ENVISIONING THE FUTURE

Once you have established clear goals, the next step is to develop a detailed strategic plan for achieving them. Our aim is to accelerate the natural, unconscious process by which companies growth by consciously initiating actions that will accelerate that process. That requires imagination, forethought and careful planning.

Many companies prepare strategic plans to develop new opportunities in the marketplace, financial plans for investment of capital, production or sales plans. But that type of planning is inadequate for this purpose. Plans which focus only on one or two of the five components often fail, because the other components are not developed enough to support the growth. When Trimedyne's sales exploded in 1987, its production capacity was inadequate to meet the demand, it was severely under-staffed and under-managed, and it lacked the organizational structure and systems necessary to handle the expansion. That is why AMRE plans far ahead for its human resources and systems requirements as well as its sales strategy and financial needs.

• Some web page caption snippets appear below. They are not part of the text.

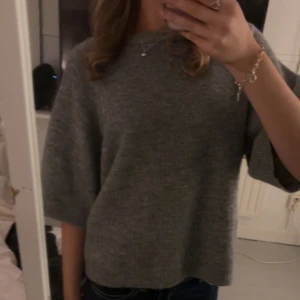 Grå stickad tröja - Mysig grå stickad tröja från lager 157 med trekvartsärm. Använd en gång.💕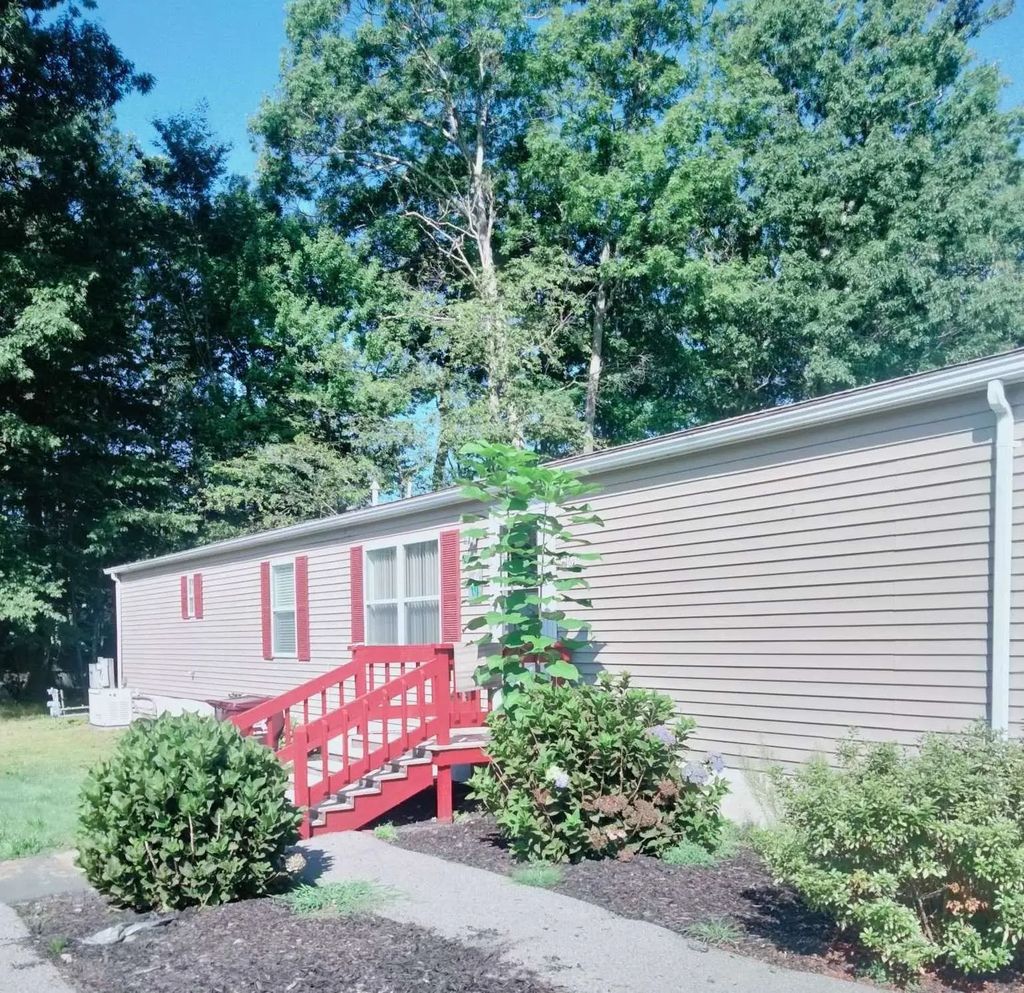 16 Hemlock Street, Rockland
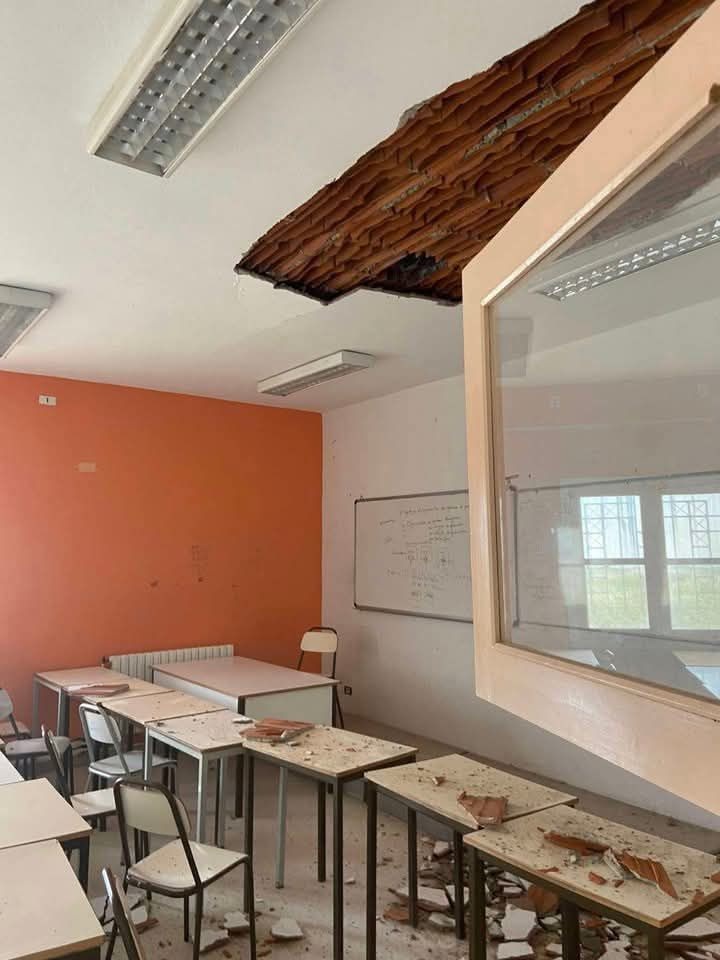 sa99ed سليانة: سقوط جزء من سقف إحدى قاعات التدريس بالمعهد العالي للدراسات التكنولوجية دون تسجيل أية اصابات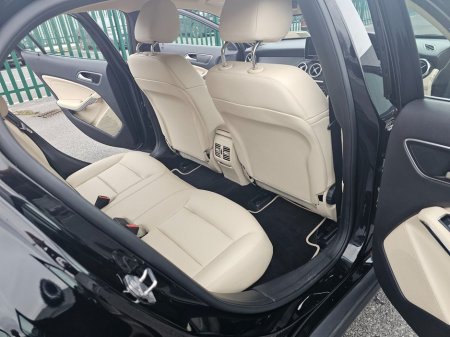 2019 Mercedes-Benz GLA Class - thumbnail 14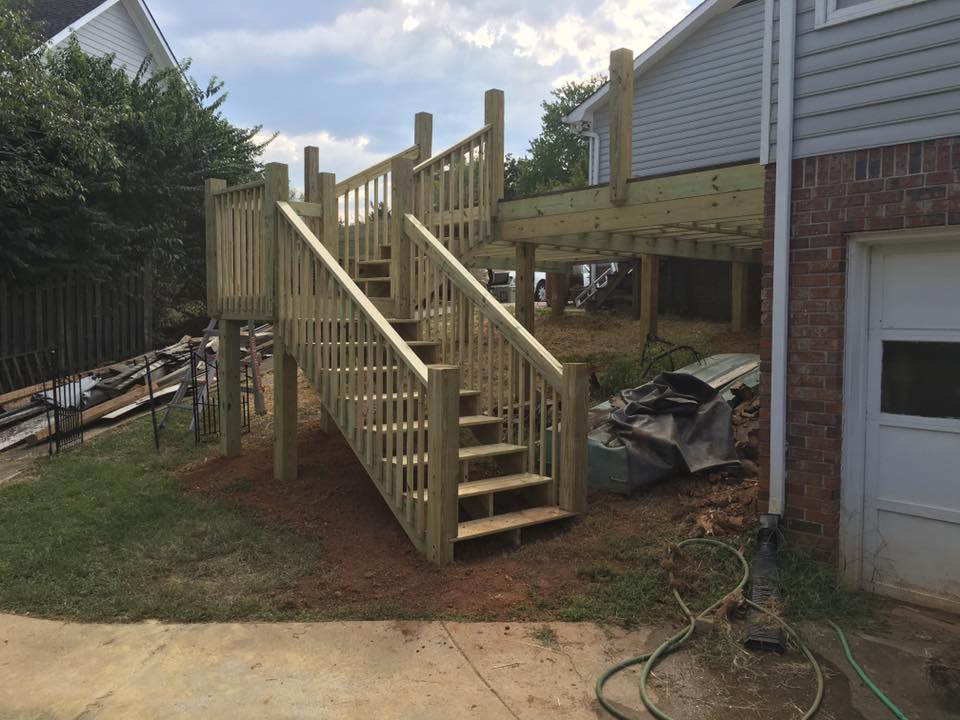 deck stairs with turn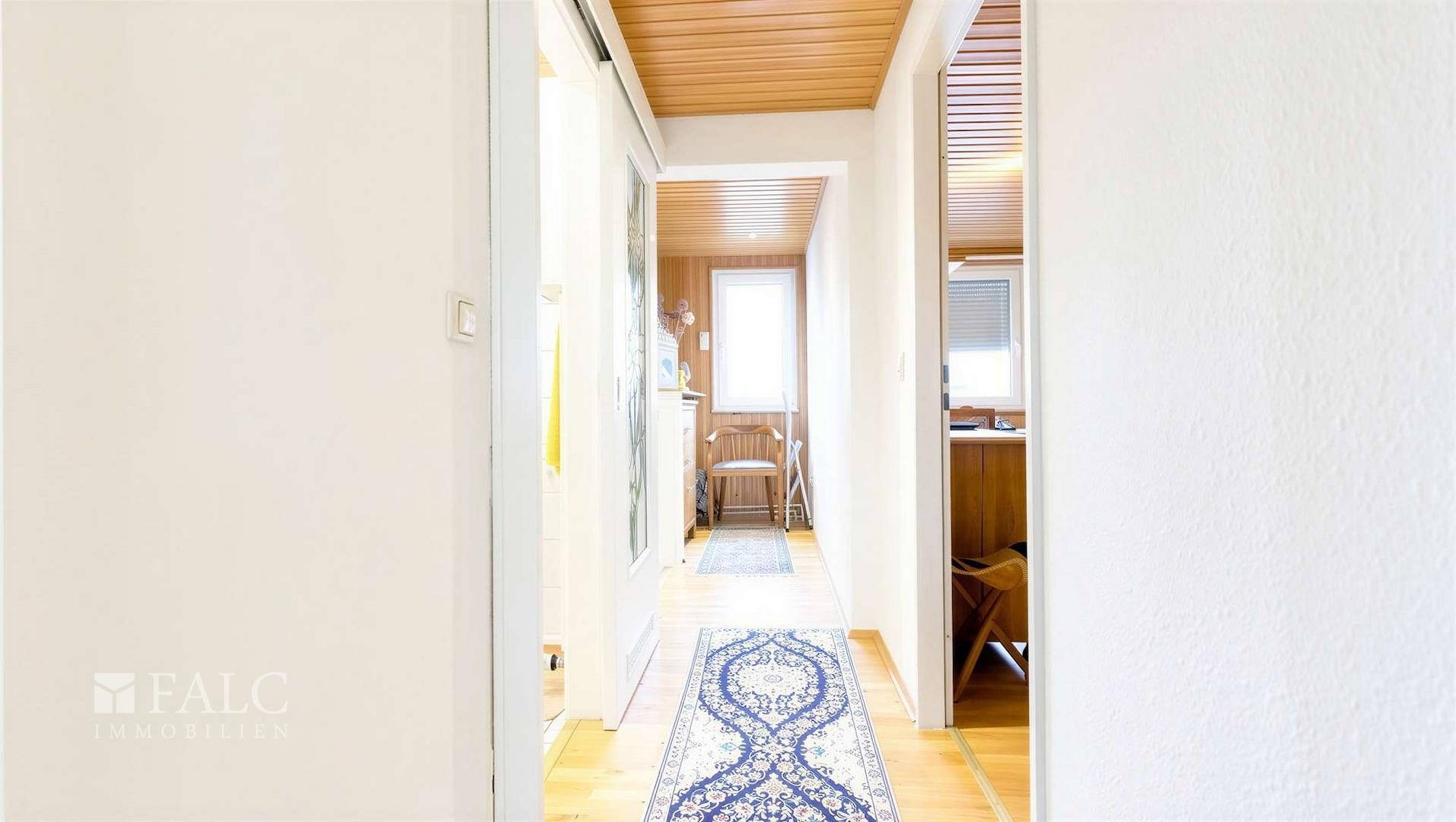 Flur DG - (KI generiert)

A very powerful method to clarify your understanding of the steps needed in order to achieve your goals is to envision what the company will look like when these goals have been achieved. Federal Express conducts exercises like this in order to help it anticipate its future needs and develop sound plans for meeting them. Recently the company undertook an exercise called Butterfly 2000 to help it envision what the company will be like when it achieves its corporate goal of increasing the number of packages it handles every day from the current 1 million to six million. Through this exercise management identified the resources it will require in each of the five components and the strategies it will employ to develop them.

Smith explains the concept: "Planning for the future is very difficult when an organization is this complex and this capital intensive, and the size and scope is really very large. What I have done periodically is to create a snap shot vision of some point in the future, a vision of the future. The important point is that we thought about what the company was going to look like at some point in the future and then we worked backward to the present. We did not extrapolate forward from the present to the future."

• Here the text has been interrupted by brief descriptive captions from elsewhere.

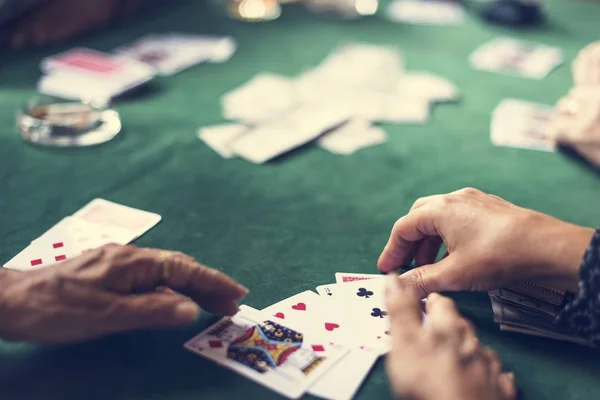 Grupo Personas Jugando Las Cartas — Foto de Stock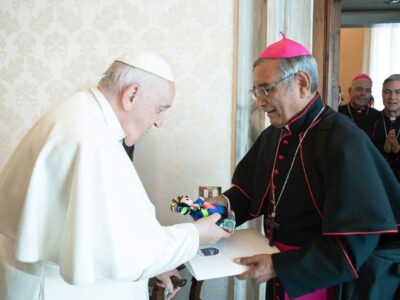 Papa Francisco recibe muñeca Lelé de Querétaro; «es el corazón de los pueblos originarios»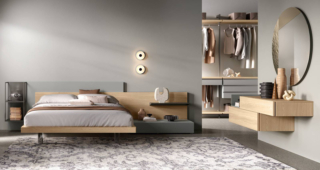 Fa parte della composizione M13 della linea Eclipse di Moretti Compact la console Modula con un grande specchio rotondo, con inserti bronzo e bronzo martellato, che può essere posizionata su una parete della camera da letto. La struttura a due cassetti sfalsati è realizzata in Nobilitato Rovere Miele. Lo specchio misura Ø 110 cm. Prezzo 1.131 euro (per la console + specchio). https://giornonotte.moretticompact.it Fa parte della composizione M13 della linea Eclipse di Moretti Compact la console Modula con un grande specchio rotondo, con inserti bronzo e bronzo martellato, che può essere posizionata su una parete della camera da letto. La struttura a due cassetti sfalsati è realizzata in Nobilitato Rovere Miele. Lo specchio misura Ø 110 cm. Prezzo 1.131 euro (per la console + specchio). https://giornonotte.moretticompact.it
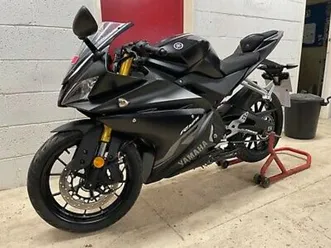 2017-yamaha-yzf-r125-125-cc-abs-low-miles-matt-black-clean-bike-learner-legal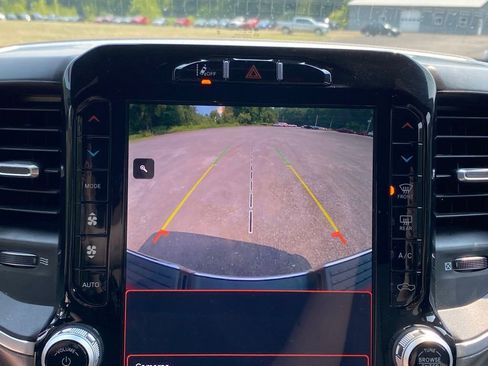 Used 2024 RAM 2500 Big Horn w/ Safety Group image 15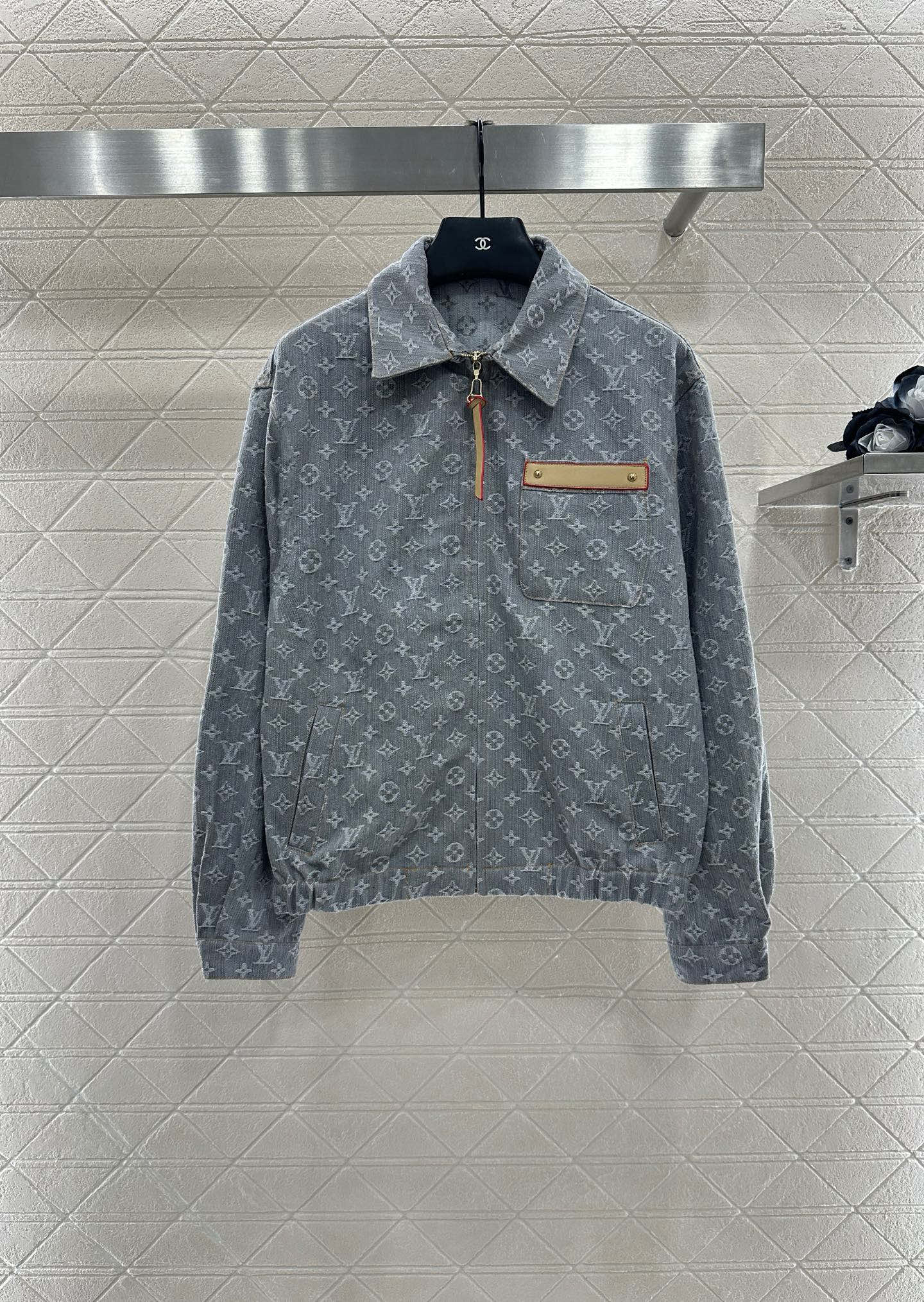 ♥Louis Vuitto*♥2025新品上架
   牛仔提花外套半裙套装
定制YB斜纹棉牛仔材质 质感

This exercise enabled Federal Express to project how many parcels or tons of freight they will be transporting, how many people, planes and trucks they will need to carry that freight, how many hubs and sorting facilities will be required and where they should be located, what type of service facilities will be needed to handle all those planes and trucks, etc. But the exercise goes beyond this. It also enabled them to identify the type of organization the company will need in order to manage this size business, how many phone calls it will have to handle every day, how many invoices, how much information, what type of systems it will need in order to handle these large volumes efficiently, how many seasoned managers, pilots, engineers, drivers, couriers, and customer service agents it will need for its worldwide operations, how it will attract them, and how it will train them in the Federal Express way of doing business.

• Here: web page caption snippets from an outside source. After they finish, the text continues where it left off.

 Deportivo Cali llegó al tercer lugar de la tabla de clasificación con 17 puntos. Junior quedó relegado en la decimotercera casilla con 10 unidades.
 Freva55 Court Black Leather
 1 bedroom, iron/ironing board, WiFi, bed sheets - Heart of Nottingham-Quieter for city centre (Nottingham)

Jim Barksdale talked about planning at Federal Express:

"We do a lot of planning in this company. We have to plan. That keeps us from making enormously expensive mistakes. It also enables us not to get overwhelmed by the stress of growth, because we know what is coming."

THINK DOUBLE

Imagine your company/your division/your department twice as large and twice as profitable as it is today. Or if the goals you have chosen will more than double revenues and profits, think of how the company will be when it achieves these goals. Ask yourself, what does doubling really mean? What does it involve? How will things be different than they are now?

Think about the impact of doubling on each of the five components of the business. There are several different ways or levels at which it can be done? First start by visualizing the physical results of such an expansion. How many customers will you have when you achieve the goals? How many products or services will the company be producing and delivering? How large a facility will be required? How many stores, offices, plants? What new or additional equipment will be required? How much additional investment will be needed in plant and machinery, in raw materials and finished inventory? How many people will be necessary to produce and market these products and services?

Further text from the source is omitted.